# Smartphone map that doesn't require cell reception



## the_law_man01 (Oct 13, 2015)

Hello all,

Can anyone recommend a smartphone trail mapping app in which regional maps (or better) can be saved onto the phone then used with the GPS without cell service?

I was impressed that the MapMyRide app loaded in town, GPS tracked me to and all over the trail, then saved the workout and loaded it when I got back to cell service. However, I had no mapping while on the ride.

I can't afford to spend a lot of money on a bike gps right now so this is my only option.

Thanks for any help!


----------



## Harold (Dec 23, 2003)

mtbproject

It doesn't do tracking at all. The whole point of it is navigation. And it does so without cell connection. It really never NEEDS a cellular connection, if you're willing to download trails over wifi. To be fair, it does not save the basemap (Google Maps or whatever). What it saves are the actual trail maps, descriptions, and I think even the photo thumbnails. You download trails on a statewide level.


----------



## breaks911 (Aug 16, 2005)

Gaia gps is a great mapping program that allows you to download several different maps. You can also import gpx tracks into the app so you'll have everything you need for your ride.


----------



## Harold (Dec 23, 2003)

breaks911 said:


> Gaia gps is a great mapping program that allows you to download several different maps. You can also import gpx tracks into the app so you'll have everything you need for your ride.


not sure you can fit regional or larger areas with detailed maps though. not with the way tiled maps work


----------



## breaks911 (Aug 16, 2005)

You can choose as many tiles at 24K as your phone has storage to hold. And choose from multiple basemap sources.

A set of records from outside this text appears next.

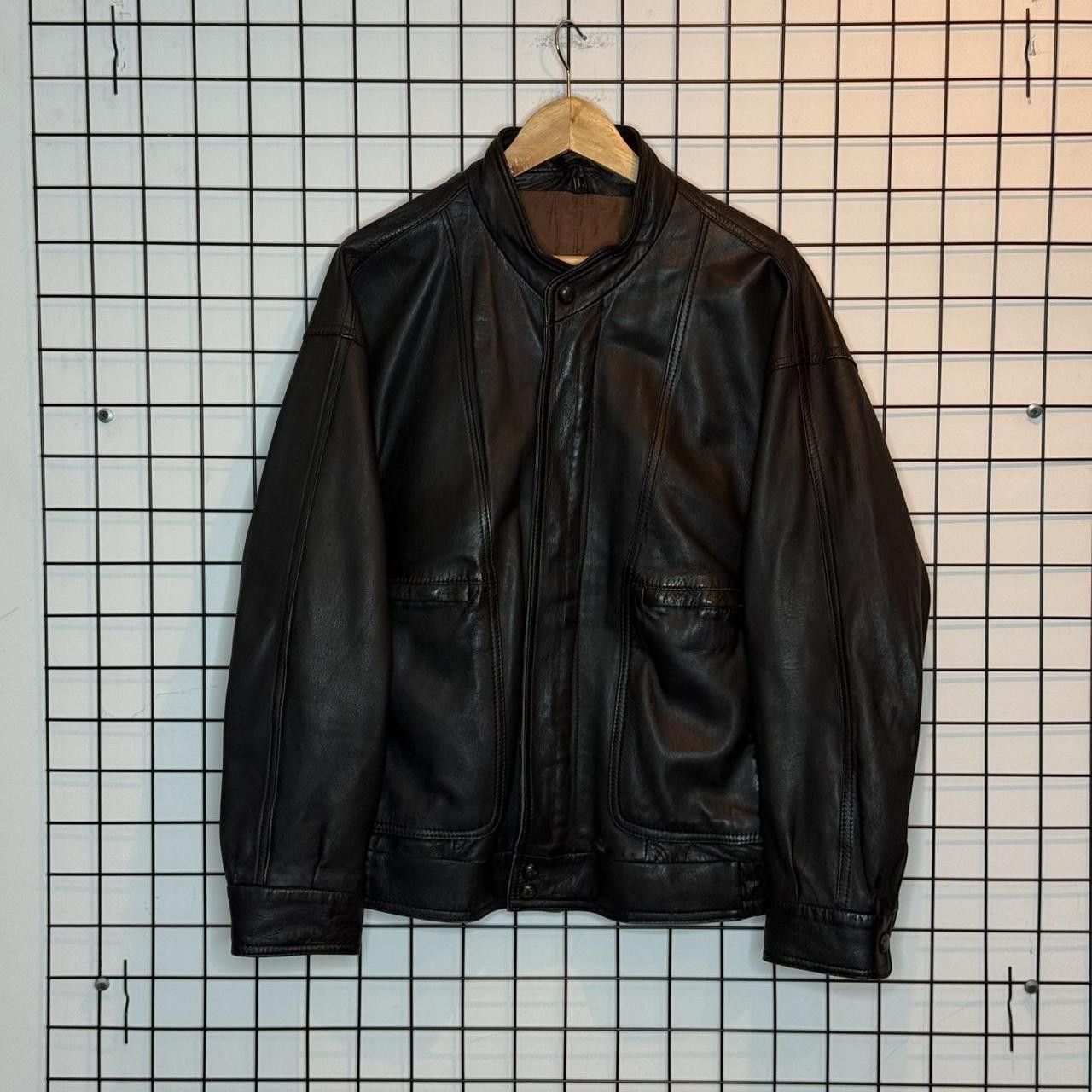 Vintage Vintage 90s Real Leather Boxy Black Jacket Size US L / EU 52-54 / 3 - 4 Thumbnail
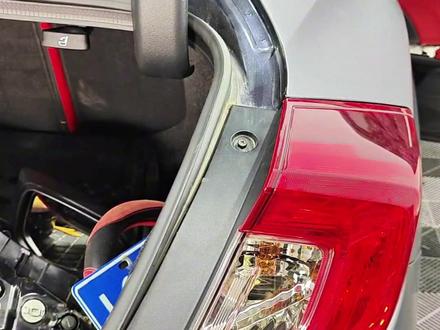 🌟 本田思域后尾灯拆卸大揭秘!谚语说:专业的事交给专业的人,但你真的知道怎么拆吗?达人带你玩转撸车日常!🔧 1️⃣ 打开后备箱,找到后尾灯的固定螺丝。 2️⃣ 使用专用工具,轻轻拧松螺丝。 3️⃣ 小心取下后尾灯,注意电线插头不要扯断。 #本田思域 #后尾灯拆卸 #专业的事交给专业的人 #撸车日常 #汽车维修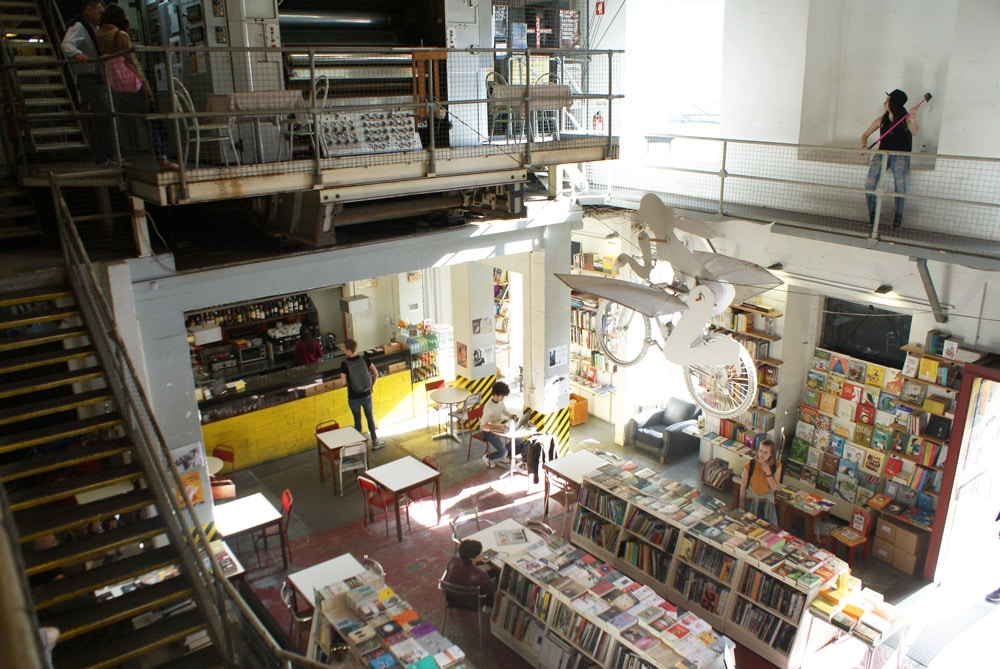 Librairie-imprimerie-café à la LX Factory à Lisbonne.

Here's what that looks like:


----------



## Harold (Dec 23, 2003)

breaks911 said:


> You can choose as many tiles at 24K as your phone has storage to hold. And choose from multiple basemap sources.


And that's the crux of the matter. My point being that at the detailed local level, you're not going to be able to fit regional areas onto your phone. It's just too much space.

It's why Garmin has the limits it does on the amount of raster maps you can load. They're WAY more resource-intensive than vector maps.


----------



## the_law_man01 (Oct 13, 2015)

I had MTBproject but I'm gonna have to be the one to put most of our trails in, apparently. It only brought up maybe 5 (would have to verify, just an estimation) trails in the state. I'm fine with this though. Gives me an excuse to go ride more trails. You know, a for the greater good type of undertaking.

On Gaia GPS, can I select (via a drag box) a certain area within which I know I'll be riding and then have it track me so I can save trails in that area?


----------



## breaks911 (Aug 16, 2005)

Yes you sure can. You can save the maps to your phone and it will save the routes you ride to gpx format.


----------



## Harold (Dec 23, 2003)

the_law_man01 said:


> I had MTBproject but I'm gonna have to be the one to put most of our trails in, apparently. It only brought up maybe 5 (would have to verify, just an estimation) trails in the state. I'm fine with this though. Gives me an excuse to go ride more trails. You know, a for the greater good type of undertaking.
> 
> On Gaia GPS, can I select (via a drag box) a certain area within which I know I'll be riding and then have it track me so I can save trails in that area?


Content submission is uneven around the country for that app. It's an option, though.

And despite my criticisms of GaiaGPS, it's probably going to be the best one for showing basemaps. I'm just making it clear that downloading detailed maps at a regional level might be asking a bit much. The example above doesn't even show a whole county, for example. On MTBProject, I have about half a dozen whole states loaded on my phone. FWIW, I have the whole US loaded into my Garmin with trails for most of those states.


----------



## breaks911 (Aug 16, 2005)

Unfortunately they are no perfect solutions out there I've seen. It all ends up being a mashup of different tools that best fit the individual's requirements.


----------



## the_law_man01 (Oct 13, 2015)

Nice. A Garmin is a goal for the future. Just trying to make due for now.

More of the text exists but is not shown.